You won’t find clarity around roles or feelings about firm culture on a profit-and-loss statement. This valuable non-financial indicator presents itself in smoother installs, in fewer late-night emails, in project timelines that don’t require constant revision. When expectations are defined early, problems tend to surface earlier too, which is when they are still manageable.

A Broader Definition of Success Beyond Revenue

two designers on a computer

Across industries, research supports this broader view. Forbes Agency Council has written extensively about the limitations of evaluating businesses through sales alone. Revenue growth can conceal issues in retention, employee satisfaction, and operational efficiency. Those gaps tend to surface later, often at inconvenient moments. As Nataliya Andreychuk writes,

“Creating a comprehensive scorecard that involves a variety of qualitative and quantitative indicators can help you make more informed decisions that drive long-term sustainable success.”

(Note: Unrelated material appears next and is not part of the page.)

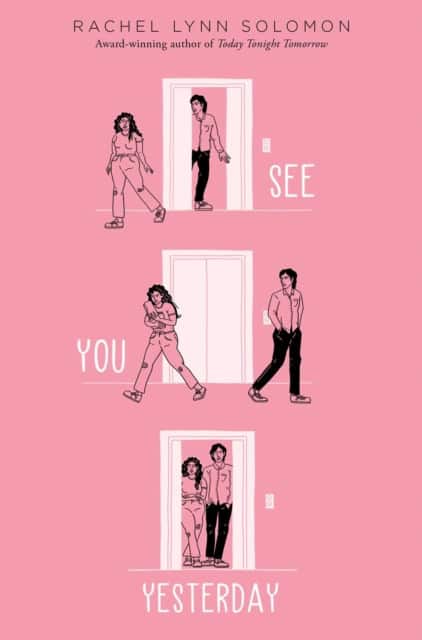 See You Yesterday av Rachel Lynn Solomon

Phoenix Strategy Group makes a similar case in its analysis of nonfinancial KPIs. Financial data looks backward. Nonfinancial indicators look forward. Retention rates, engagement levels, process reliability, and workload balance often predict long-term performance more accurately than top-line numbers. Employee engagement is particularly important here, as firm owners who struggle with retention know all too well. We must pay attention to how our employees feel about the firm and their day-to-day interactions with colleagues, clients, and bosses. As McLean & Company notes in this training deck,

“A human-first, empathetic, and collaborative approach to resolving challenges [is key to retention and productivity] [We must] move forward to address their actual needs, rather than our assumptions.”

For design firms, these indicators translate into very practical realities. How long it takes to onboard a new hire. How many projects rely on one person’s memory. Whether deadlines move every week or rarely change. How comfortable designers and procurement leads are sharing their concerns and challenges with managers. Whether the firm can pause and shift gears without panic. A successful firm, in this sense, is not one that grows endlessly or bills aggressively. It is one that functions without constant strain, where systems support people, and where leadership can step back occasionally without fearing collapse.

That version of success won’t fit into a spreadsheet, but it is the definition of a healthy firm with a long life ahead of it.